Todo esse emprenho muitas vezes não é valorizado e Jarbas cita como exemplo a discussão acerca da não obrigatoriedade do DRT, o registro profissional do ator. “Ele é necessário ainda mais se você perceber que até os anos 50 ou 60 as atrizes tinham registro de prostitutas. Atuar não era uma profissão, então o registro profissional é uma conquista do artista. É nossa profissão, trabalhamos por isso”, enfatiza.
Críticos especializados em formação
Como a explosão do teatro musical é vista como recente por Jarbas, ele acredita que a crítica ainda está se especializando. “É diferente de criticar um teatro de proza, que é falado, o musical é cantado.
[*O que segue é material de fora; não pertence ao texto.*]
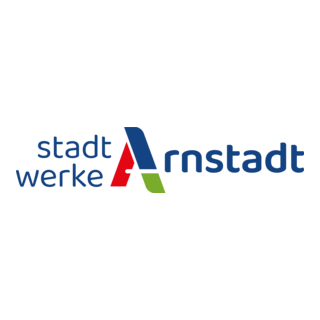 Stadtwerke Arnstadt Logo PNG Vector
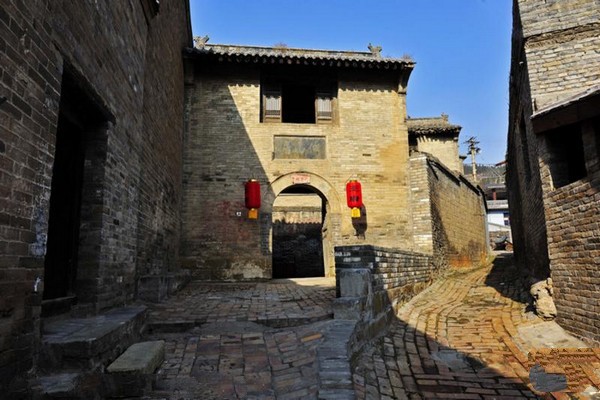 晋城阳城天官王府景区旅游攻略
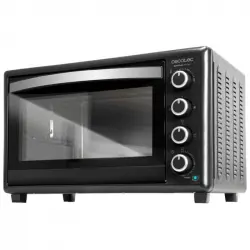 Cecotec Bake&Toast 4600 Black Gyro Horno de Sobremesa 46L 2000W Negro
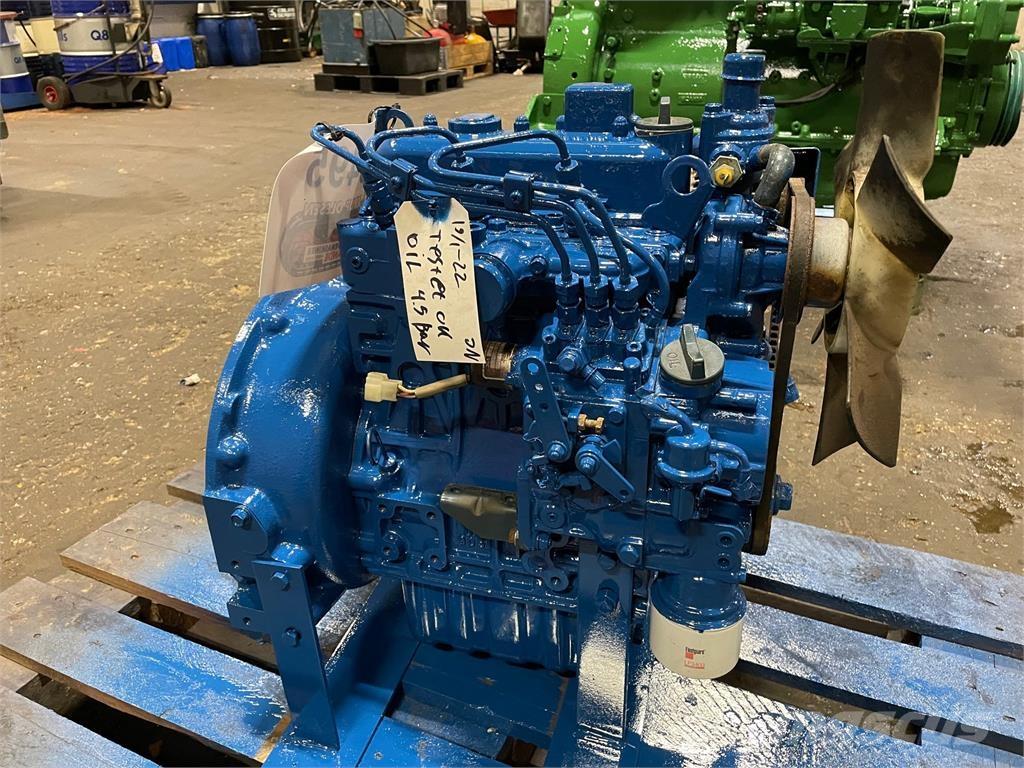 Kubota D905 motor Двигатели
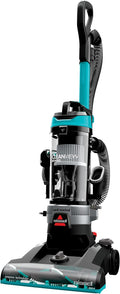 Bissell CleanView Rewind Upright Bagless Vacuum with Automatic Cord Rewind &amp Active Wand 3534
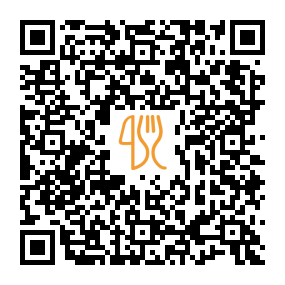 QR-code link naar het menu van Restaurace Hotelu Savannah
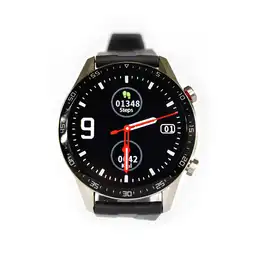 Lhotse Smartwatch Dark Silver Negro RD9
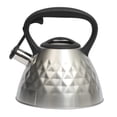 thumbnail image 1 of Mr. Coffee Stovetop Kettle, Stainless Steel Silver, 15.00x15.00x10.00 inches, 1 of 14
O crítico tem que saber do que ele está falando, tem que saber a história do teatro musical, quais as referências, os tipos de voz, porque usar determinada tessitura e assim por diante”, aponta.
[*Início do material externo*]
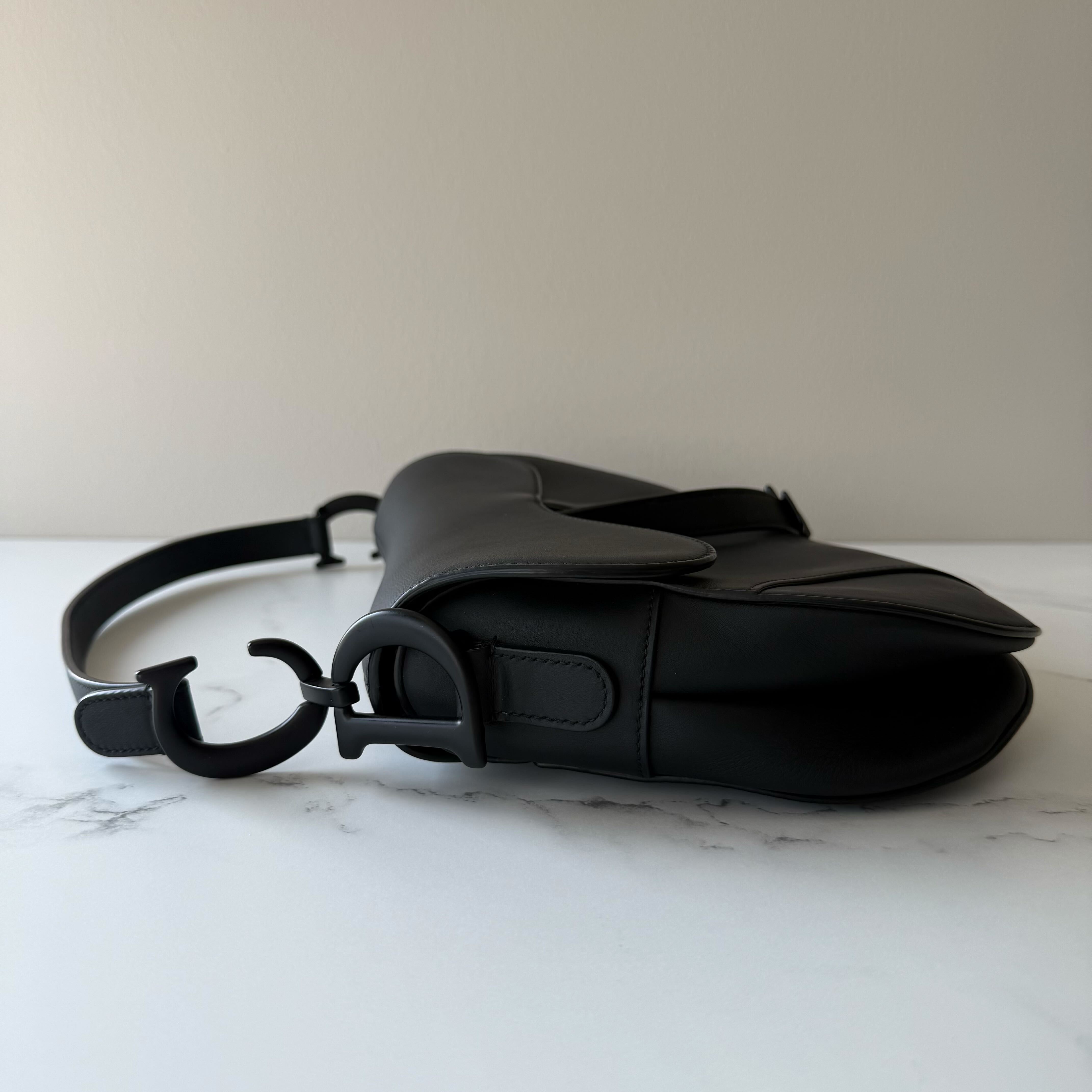 Christian Dior Medium Saddle Bag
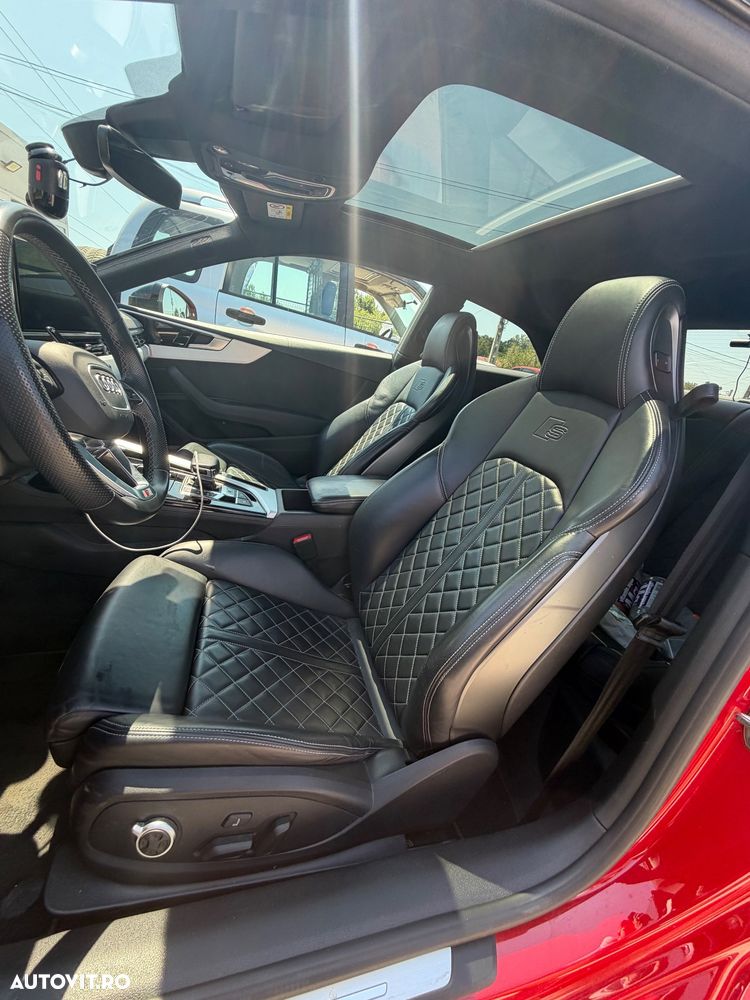 Audi S5 - 14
Para valoriza esse gênero em notável ascensão, o ator aponta prêmios como o Bibi Ferreira como algo fundamental, pois celebra o teatro musical no Brasil. “É uma vitória! O prêmio leva um nome muito feliz, de uma mulher que sempre fez teatro musical. Como é difícil ter patrocínio, nós que ajudamos, ensaiamos e nos apresentamos de graça porque queremos que aconteça”, diz o gaúcho que já ganhou na indicação “Melhor Ator”.
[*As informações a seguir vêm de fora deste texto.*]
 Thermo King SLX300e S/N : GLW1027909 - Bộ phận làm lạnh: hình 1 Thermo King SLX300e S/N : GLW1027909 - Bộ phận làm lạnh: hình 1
Cumplicidade marca o relacionamento com Cláudia Raia
Desde 2012, Jarbas mantém um relacionamento com outra grande estrela dos musicais, a atriz Cláudia Raia . O amor pelos palcos uniu o casal que escancaradamente vibra com o sucesso um do outro. “Temos os mesmos gostos, as mesmas referências, fazemos aulas juntos, ensaiamos juntos, criamos juntos, somos apaixonados pelo que fazemos e gostamos de falar de teatro. O tempo inteiro um torce pelo outro, um está no teatro do outro.”
Ele lembra que teve uma época que estávamos em teatros diferentes, então quando acabava o espetáculo primeiro que a amada fazia questão de ir correndo até o teatro que ela estava em cartaz para vê-la em cena. Jarbas garante que as cenas de romance não causam ciúmes em nenhum dos dois. “Quem está em cena não somos nós, mas os personagens.”
Junto com a parceira, Jarbas Homem de Mello tem muito projetos futuros. O casal está trabalhando em cima de um filme musical, que será uma comédia inédita escrita por eles. Também desejam fazer um musical estrelado apelas pelos dois. Além disso, ele segue dirigindo o espetáculo “MPB – Musical Popular Brasileiro” e vai participar de um filme. Para o teatro, não tem nenhum plano certo para o ano que vem.